» **WHAT NEEDS TO BE DONE**
Copy every record below exactly, leaving out any pictures.

[Items listed in a dataset]
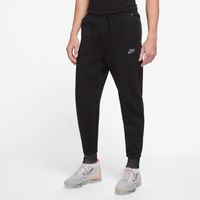 Nike Revival Tech Fleece Jogger - Men's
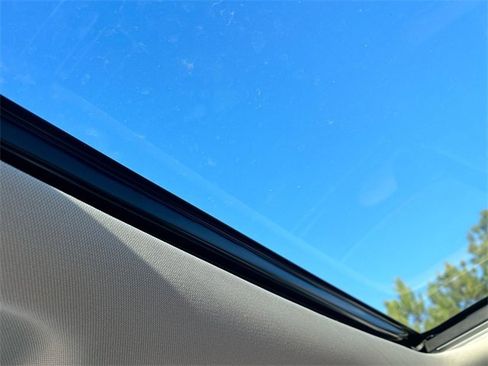 Used 2024 Kia Telluride S w/ S Sunroof Package image 26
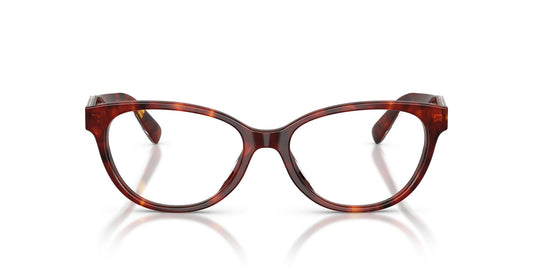 COACH HC6293U  5938 53 FRAME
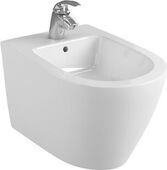 Подвесное биде Grossman GR-B4455
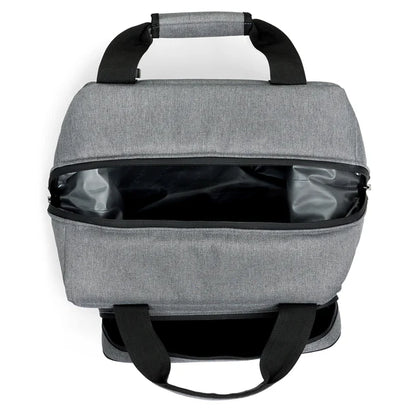 GameGuard Cooler Bag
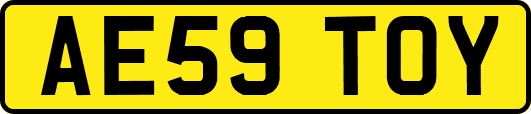 AE59TOY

» **TASK RESULT**
 Nike Revival Tech Fleece Jogger - Men's
 Used 2024 Kia Telluride S w/ S Sunroof Package image 26
 COACH HC6293U  5938 53 FRAME
 Подвесное биде Grossman GR-B4455
 GameGuard Cooler Bag
 AE59TOY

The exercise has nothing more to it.